Já são quarenta e oito famílias cadastradas para o programa de planejamento familiar, que é realizado junto à Secretaria de Saúde, com reuniões na primeira quarta feira de cada mês .

Após muito debate e reuniões logrou-se obter êxito para que os órgãos de atendimento à saúde municipais aceitassem incluir vasectomias e laqueaduras no seu atendimento.

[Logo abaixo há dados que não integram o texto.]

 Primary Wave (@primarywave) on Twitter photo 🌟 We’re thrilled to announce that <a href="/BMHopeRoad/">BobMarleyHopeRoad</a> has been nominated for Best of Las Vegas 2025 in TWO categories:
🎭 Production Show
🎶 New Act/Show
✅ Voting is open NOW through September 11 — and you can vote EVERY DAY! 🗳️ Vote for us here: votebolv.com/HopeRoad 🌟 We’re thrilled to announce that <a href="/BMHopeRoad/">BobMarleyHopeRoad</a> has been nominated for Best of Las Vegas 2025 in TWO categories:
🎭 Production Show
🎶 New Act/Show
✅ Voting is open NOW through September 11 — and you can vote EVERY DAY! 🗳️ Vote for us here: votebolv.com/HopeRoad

Do projeto principal com o objetivo de implementar a previsão do ciclo de atendimento psicossocial previsto na Lei do Planejamento Familiar, vários desdobramentos foram sendo assumidos, fazendo com que o Comitê de Planejamento Familiar esteja para o Município, tal qual a família está para o Estado, o lugar onde os problemas de base da sociedade podem ter a chance de serem saneados, sobretudo, na abordagem da realidade da infância e juventude, passando a ser um Comitê motivador de diversas política públicas, abordando, em sentido amplo, a interação entre a realidade social e as falhas da família ecoada na atuação da sociedade.

De tudo, o que se percebe é que no trato da família, no seu aspecto mais amplo, desde o início, por meio do ensinamento quanto aos métodos contraceptivos para auxílio no planejamento familiar, conscientização da família quanto ao papel de tutela ao direito de toda criança e adolescente a se desenvolver em ambiente saudável, estimulante e de afeto, na luta contra a evasão escolar, na inclusão da família dentro da escola, é que de dentro para a fora os problemas sociais podem ser atenuados.

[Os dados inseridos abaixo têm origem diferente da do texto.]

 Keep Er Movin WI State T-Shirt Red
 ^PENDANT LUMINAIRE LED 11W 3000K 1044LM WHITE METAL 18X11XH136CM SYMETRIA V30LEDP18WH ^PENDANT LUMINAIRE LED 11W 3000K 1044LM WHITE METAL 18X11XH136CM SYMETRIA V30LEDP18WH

Dignificam-se, portanto, nossas crianças, quando oportunizado que sejam geradas para serem bem-vindas no seio de sua família, pois a previsão fria de direitos constitucionais no art. 5º nem sempre assegura a proteção da infância da porta para dentro dos lares, sendo que o apoio à família, com políticas públicas, que tratem de suas mazelas é que fará que se assegure a chance de um pequeno vir a poder ser feliz, no sentido mais amplo do conceito de dignidade da pessoa, por ter aprendido isso, por meio do respeito, amor e oportunidade que Estado e família, juntos lhe proporcionaram.

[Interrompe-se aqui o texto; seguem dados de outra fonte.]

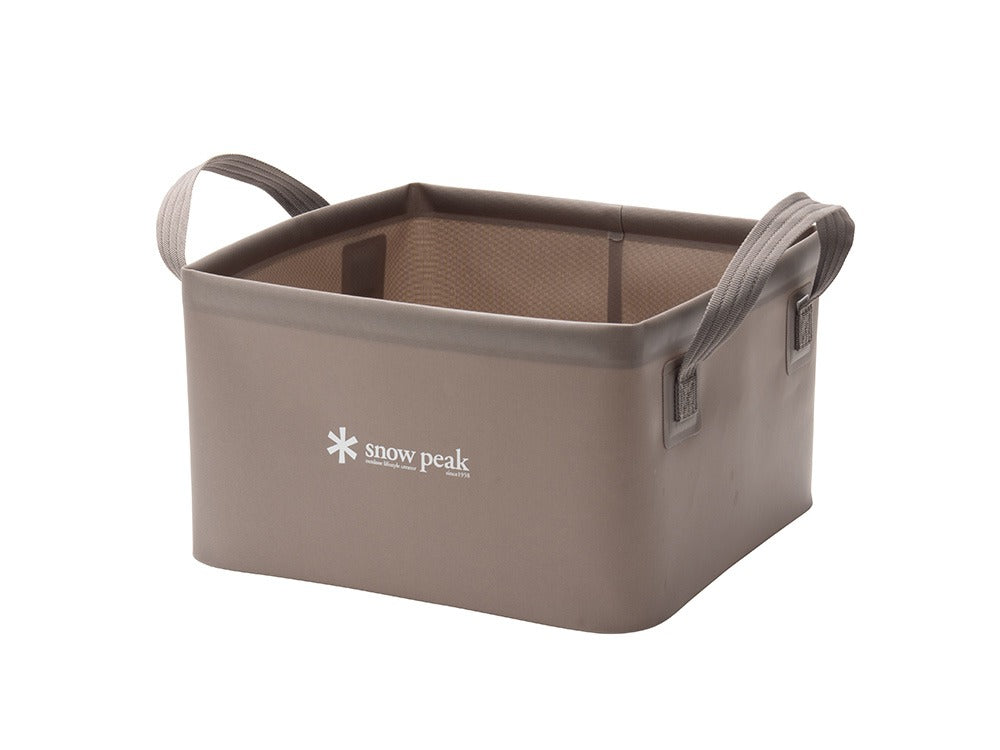 Snow Peak Soft Ractangle Bucket 14 Inch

1) Um direito geral de personalidade é no sentido aberto sincrônica e diacronicamente, permitindo a tutela de novos bens e face a renovadas ameaças à pessoa humana, sempre tendo como referente o respeito pela personalidade, quer numa perspectiva estática, quer na sua dinâmica de realização e desenvolvimento: ‘ é, a um tempo, direito à pessoa-ser e à pessoa-devir, ou melhor à pessoa-ser em devir, entidade não estática, mas dinâmica e com jus à sua liberdade de desenvolvimento. In: Pinto, Paulo Mota. Notas sobre o direito ao livre desenvolvimento da personalidade e os direitos de personalidade no direito português. In: Sarlet, Ingo (coord.). A constituição concretizada. Construindo pontes entre o público e o privado. Porto Alegre: Livraria do Advogado. 2000. p 61.
2) A felicidade, em suma, jamais será um estado final que se possa adquirir e dele tomar posse de uma vez por todas. Ela é uma atividade, algo que se cultiva e constrói, algo que, por alguns momentos, se conquista e se desfruta, que é fonte de contentamento, mas que está sempre a exigir de nós empenho e amor, sempre recomeçando outra vez. É impossível conceber a felicidade humana sem algum sentido de realização. Acreditar no contrário eqüivale a negar a nossa humanidade. É o supra sumo da alienação. In: Giannetti, Eduardo. Felicidade. São Paulo: Companhia das Letras, 2002, p.177.